# Grooming Qs about shedding American Eskimo



## eaticecream (Jul 27, 2012)

My American Eskimo has been shedding mounds of fur recently, and we've been combing him everyday and bathing him more often. What's weird is the fur around his neck is not shedding. 
-The back of his neck and his "beard" area is still really thick and brushing doesn't seem to do anything. Is this normal? 
-We have an undercoat rake, but will a shedding blade (the loopy one with serrated edges) help him more? What other brushes/combs are needed?
-Do de-shedding shampoos work?


----------



## Kayota (Aug 14, 2009)

I love my shedding blade. It definitely fixed the shedding issue I had the first couple days I had her home. My double coated dog's ruff doesn't shed as much as the rest of her body.


----------



## Damon'sMom (Aug 2, 2011)

My Aussie's neck fur does not shed all that much.

For my Aussie I do the following everyday to every other day:

I start with the right side of his body and use my rake going against the fur and then with it. Once no more fur is coming out I will turn him and do the other side. Then I will use a slicker brush and go against the fur and then with it. For his butt I will use the Greyhound comb to make sure there are no tangles or mats. I then go over his entire body with a pin brush to pick up any loose hair that I brought up. 

That's what I do for the shedding. I also do his ears once a week and his nails every other week. He gets a bath twice a month. On bath days I use a blow drier on him and that helps blow his coat out really well. Then I will do the brush out.


----------



## eaticecream (Jul 27, 2012)

Are shedding blades supposed to work for long coated double coats? The blade seems so shallow that I have a hard time imagining that going anywhere past his top coat.


----------



## Graco22 (Jul 16, 2007)

eaticecream said:


> Are shedding blades supposed to work for long coated double coats? The blade seems so shallow that I have a hard time imagining that going anywhere past his top coat.


 No. A shedding blade is useless on coats longer than labs/huskies. Use the rake, being sure you are getting all the way to the skin.


----------



## eaticecream (Jul 27, 2012)

Brushing him everyday with a undercoat rakes helps a ton. Are there shampoos or conditioners that I should use to help the shedding?


----------



## Lupen (Jun 17, 2013)

What food are you feeding him? Dogs fed a better diet will shed less than those fed a crappy one. The difference isn't significant, but it is there. Not to mention the other benefits make a better food well worth it.

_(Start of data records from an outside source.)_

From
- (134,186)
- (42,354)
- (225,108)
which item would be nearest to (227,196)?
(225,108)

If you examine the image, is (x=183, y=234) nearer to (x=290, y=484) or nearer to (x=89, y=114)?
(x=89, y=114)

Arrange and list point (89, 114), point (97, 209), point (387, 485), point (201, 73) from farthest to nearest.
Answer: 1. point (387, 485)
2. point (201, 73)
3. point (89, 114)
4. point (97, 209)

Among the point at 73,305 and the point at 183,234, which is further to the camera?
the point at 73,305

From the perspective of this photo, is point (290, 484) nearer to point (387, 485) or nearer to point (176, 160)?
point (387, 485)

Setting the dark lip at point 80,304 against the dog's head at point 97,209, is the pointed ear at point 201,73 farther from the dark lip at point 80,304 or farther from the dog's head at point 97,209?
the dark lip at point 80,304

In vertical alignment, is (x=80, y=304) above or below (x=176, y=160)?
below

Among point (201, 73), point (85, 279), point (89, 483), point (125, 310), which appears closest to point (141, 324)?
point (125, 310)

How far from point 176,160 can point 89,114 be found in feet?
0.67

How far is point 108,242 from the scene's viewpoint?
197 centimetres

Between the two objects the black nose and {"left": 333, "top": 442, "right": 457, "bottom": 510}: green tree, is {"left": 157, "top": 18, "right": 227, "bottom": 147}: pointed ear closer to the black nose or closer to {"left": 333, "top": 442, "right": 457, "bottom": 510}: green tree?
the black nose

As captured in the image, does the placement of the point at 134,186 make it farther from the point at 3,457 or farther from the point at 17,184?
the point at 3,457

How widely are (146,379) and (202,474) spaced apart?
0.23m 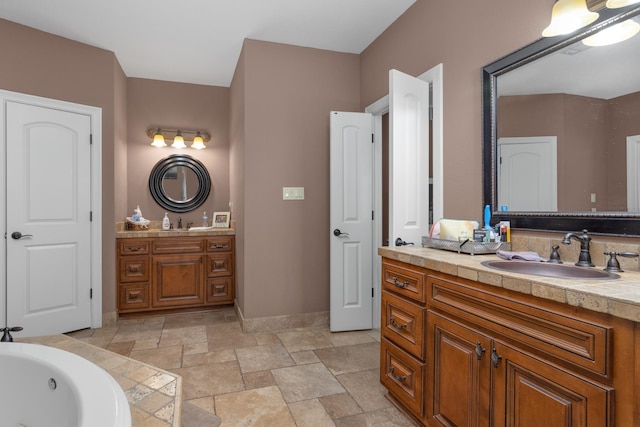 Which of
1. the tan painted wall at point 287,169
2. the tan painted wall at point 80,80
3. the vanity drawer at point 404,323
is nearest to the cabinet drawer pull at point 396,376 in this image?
the vanity drawer at point 404,323

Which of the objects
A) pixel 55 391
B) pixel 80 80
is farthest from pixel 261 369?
pixel 80 80

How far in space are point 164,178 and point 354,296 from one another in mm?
2733

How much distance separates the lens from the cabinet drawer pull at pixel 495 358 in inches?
49.4

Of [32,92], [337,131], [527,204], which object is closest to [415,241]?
[527,204]

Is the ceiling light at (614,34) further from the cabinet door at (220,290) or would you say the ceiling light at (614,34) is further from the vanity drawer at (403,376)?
the cabinet door at (220,290)

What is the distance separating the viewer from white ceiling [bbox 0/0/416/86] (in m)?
2.68

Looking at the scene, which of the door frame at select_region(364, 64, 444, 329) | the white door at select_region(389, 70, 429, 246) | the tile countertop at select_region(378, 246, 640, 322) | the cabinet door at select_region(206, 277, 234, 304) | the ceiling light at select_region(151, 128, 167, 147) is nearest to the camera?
the tile countertop at select_region(378, 246, 640, 322)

Of course, brushing is the biggest thing, but you're already doing that. What rake are you using though? I use an Oster undercoat rake, and while my dogs coat isn't as thick as an American Eskimo's, she's still a longcoated breed with a double coat. Whenever I use the rake I have I always get tons of fur off.. even if I've been brushing for ten minutes. I like it better than the Furminator as well, as I've noticed that the Furminator can ruin the guard hairs or top coat after awhile. Though that might just be me.


----------



## eaticecream (Jul 27, 2012)

Lupen said:


> What food are you feeding him? Dogs fed a better diet will shed less than those fed a crappy one. The difference isn't significant, but it is there. Not to mention the other benefits make a better food well worth it.
> 
> Of course, brushing is the biggest thing, but you're already doing that. What rake are you using though? I use an Oster undercoat rake, and while my dogs coat isn't as thick as an American Eskimo's, she's still a longcoated breed with a double coat. Whenever I use the rake I have I always get tons of fur off.. even if I've been brushing for ten minutes. I like it better than the Furminator as well, as I've noticed that the Furminator can ruin the guard hairs or top coat after awhile. Though that might just be me.

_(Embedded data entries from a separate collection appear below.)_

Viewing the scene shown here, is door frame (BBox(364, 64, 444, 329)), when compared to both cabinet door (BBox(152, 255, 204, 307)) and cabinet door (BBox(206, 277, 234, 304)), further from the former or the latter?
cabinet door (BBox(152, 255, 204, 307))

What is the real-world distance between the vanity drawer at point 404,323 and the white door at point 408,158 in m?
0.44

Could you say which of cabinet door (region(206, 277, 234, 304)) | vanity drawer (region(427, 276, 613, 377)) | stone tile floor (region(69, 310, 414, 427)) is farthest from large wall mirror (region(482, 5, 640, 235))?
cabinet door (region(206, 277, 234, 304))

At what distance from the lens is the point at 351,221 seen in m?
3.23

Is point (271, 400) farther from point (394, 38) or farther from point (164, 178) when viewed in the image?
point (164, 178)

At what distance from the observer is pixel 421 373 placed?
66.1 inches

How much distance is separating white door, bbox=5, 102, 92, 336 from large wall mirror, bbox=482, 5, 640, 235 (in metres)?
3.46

I'm currently feeding him ToTW and the rake we used is a double rowed, undercoat rake with rotating teeth made by Evolution, bought on Amazon. I've never even bothered with a Furminator because I was told that would do nothing for him, but do you guys know if the Furminator de-shedding shampoo and conditioners help?


----------



## Allison_v (Jun 22, 2013)

Hi there! I have a 4 yr old Eskie who literally sheds non stop, but sheds horribly twice a year (winter coat and summer coat) de-shedding shampoos haven't worked and seem to be a huge waste of money. We have an undercoat rake and it works very well, be sure to brush along with the fur and also against the fur (similar to shaving against the grain of your hair) this works very well with our Eskie. Unfortunately since they are such heavy shedders there is t much you can really do to control it other than frequent brushings. Bathing an Eskie too frequently is very bad for their skin and will dry it out, it's recommend to only bathe them once every two months if you can make it long without them getting too dirty (mine is an inside dog so it works well for us) my family has always had Eskies but they aren't too common where I live so it's nice to see someone else with one! I love the breed


----------



## samshine (Mar 11, 2011)

I have Samoyeds, and there is a pattern to it when they shed. First to go is the hair along the side of their stifle (back leg) and the area above the elbow. The hair around the neck is the last to go. Maybe it's the same for your dog?


----------



## Graco22 (Jul 16, 2007)

Allison_v said:


> Bathing an Eskie too frequently is very bad for their skin and will dry it out, it's recommend to only bathe them once every two months if you can make it long without them getting too dirty (mine is an inside dog so it works well for us) my family has always had Eskies but they aren't too common where I live so it's nice to see someone else with one! I love the breed


This is not true. Actually bathing often will help remove the loose coat. Show dogs are bathed multiple times a week! Use a quality shampoo, and rinse it ALL out. Quality, basic, everyday pet shampoos do not strip the natural oils. No oatmeal, no baby shampoo, just a good pet shampoo. Rinse with very warm water to loosen as much coat as possible, and then use a high velocity dryer. If you do this weekly, shedding will be very minimal.


----------



## Allison_v (Jun 22, 2013)

Graco22 said:


> This is not true. Actually bathing often will help remove the loose coat. Show dogs are bathed multiple times a week! Use a quality shampoo, and rinse it ALL out. Quality, basic, everyday pet shampoos do not strip the natural oils. No oatmeal, no baby shampoo, just a good pet shampoo. Rinse with very warm water to loosen as much coat as possible, and then use a high velocity dryer. If you do this weekly, shedding will be very minimal.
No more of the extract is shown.